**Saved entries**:
---*---

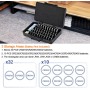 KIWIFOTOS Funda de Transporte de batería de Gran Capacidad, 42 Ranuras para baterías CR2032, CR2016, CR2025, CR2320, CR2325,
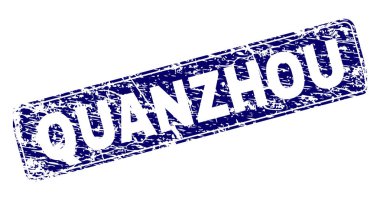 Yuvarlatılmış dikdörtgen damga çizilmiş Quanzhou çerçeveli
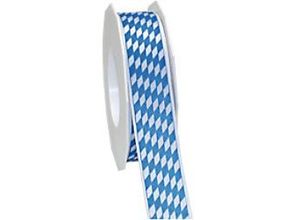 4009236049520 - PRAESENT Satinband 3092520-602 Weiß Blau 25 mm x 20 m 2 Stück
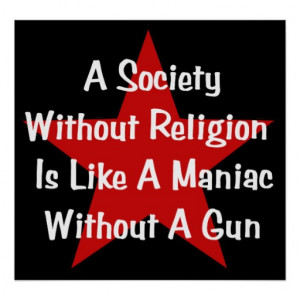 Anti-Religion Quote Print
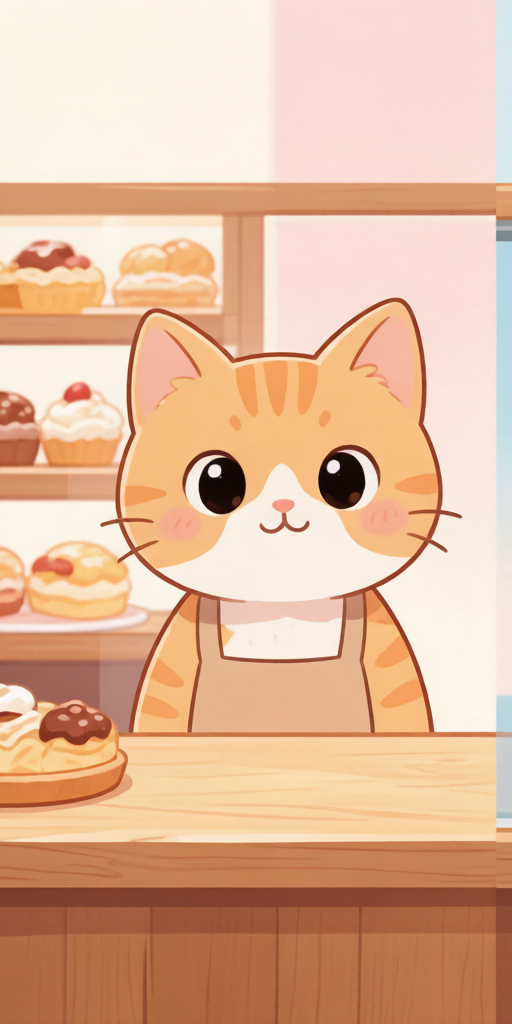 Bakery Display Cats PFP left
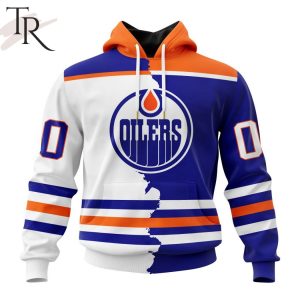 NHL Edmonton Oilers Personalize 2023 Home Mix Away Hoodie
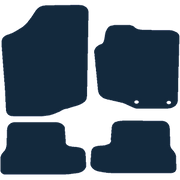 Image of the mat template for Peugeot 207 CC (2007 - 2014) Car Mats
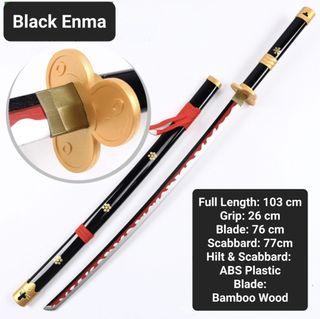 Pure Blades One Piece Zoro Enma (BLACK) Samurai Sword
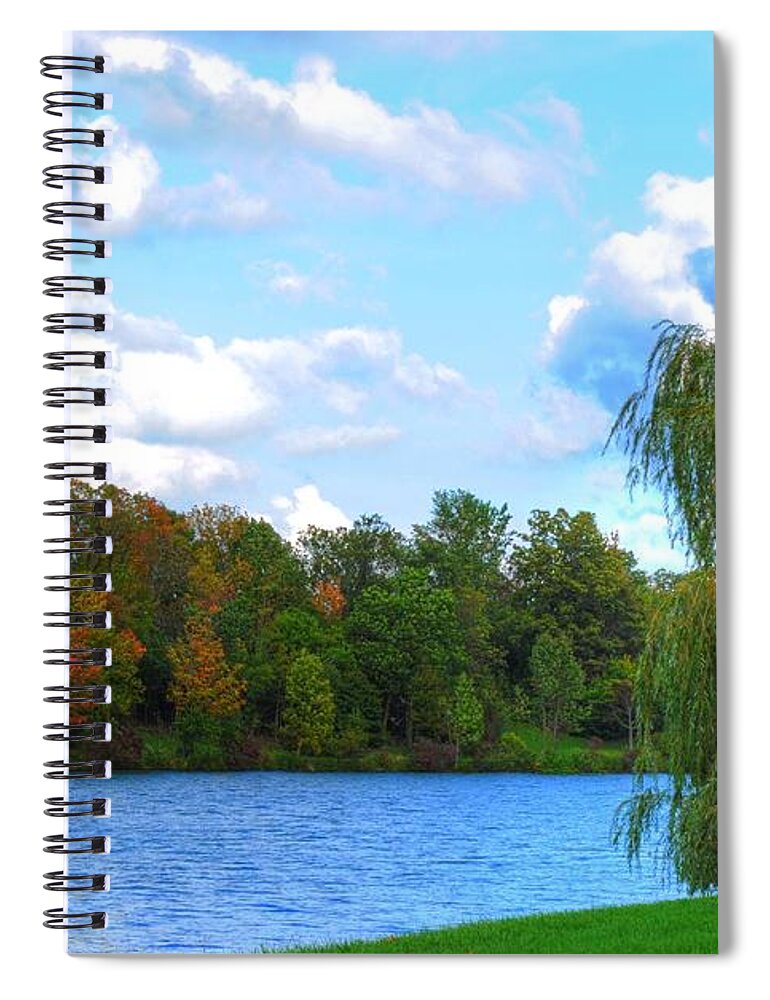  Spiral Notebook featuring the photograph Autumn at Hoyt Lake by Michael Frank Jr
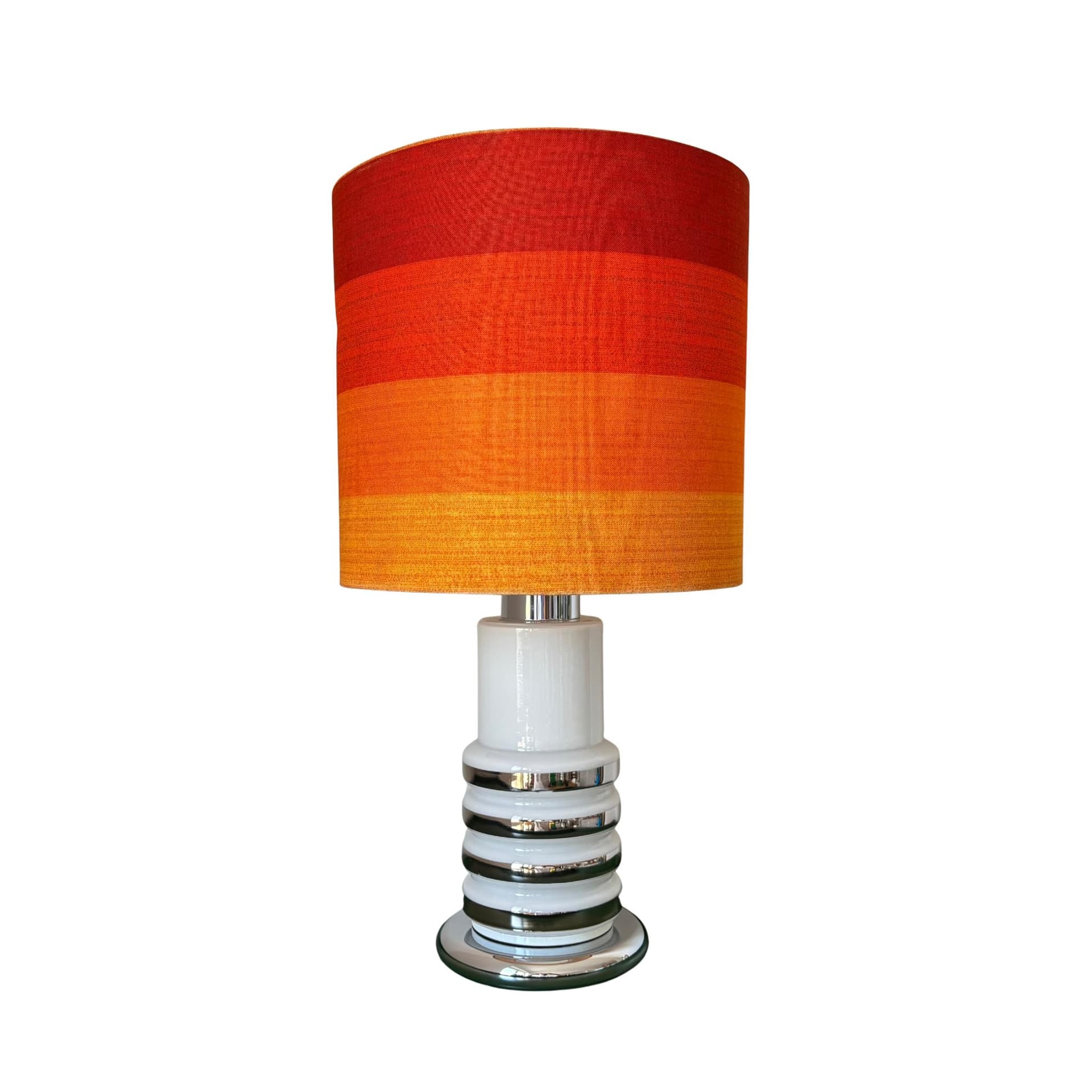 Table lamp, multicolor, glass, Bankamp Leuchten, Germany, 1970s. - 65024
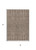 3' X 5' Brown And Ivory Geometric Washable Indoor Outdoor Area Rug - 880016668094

---*---

Set each line of the records down again exactly as it reads. Omit the pictures.

 KIWIFOTOS Funda de Transporte de batería de Gran Capacidad, 42 Ranuras para baterías CR2032, CR2016, CR2025, CR2320, CR2325,
 Yuvarlatılmış dikdörtgen damga çizilmiş Quanzhou çerçeveli
 4009236049520 - PRAESENT Satinband 3092520-602 Weiß Blau 25 mm x 20 m 2 Stück
 Anti-Religion Quote Print
 Bakery Display Cats PFP left
 NHL Edmonton Oilers Personalize 2023 Home Mix Away Hoodie
 Image of the mat template for Peugeot 207 CC (2007 - 2014) Car Mats
 Pure Blades One Piece Zoro Enma (BLACK) Samurai Sword
  Spiral Notebook featuring the photograph Autumn at Hoyt Lake by Michael Frank Jr
 Table lamp, multicolor, glass, Bankamp Leuchten, Germany, 1970s. - 65024
 3' X 5' Brown And Ivory Geometric Washable Indoor Outdoor Area Rug - 880016668094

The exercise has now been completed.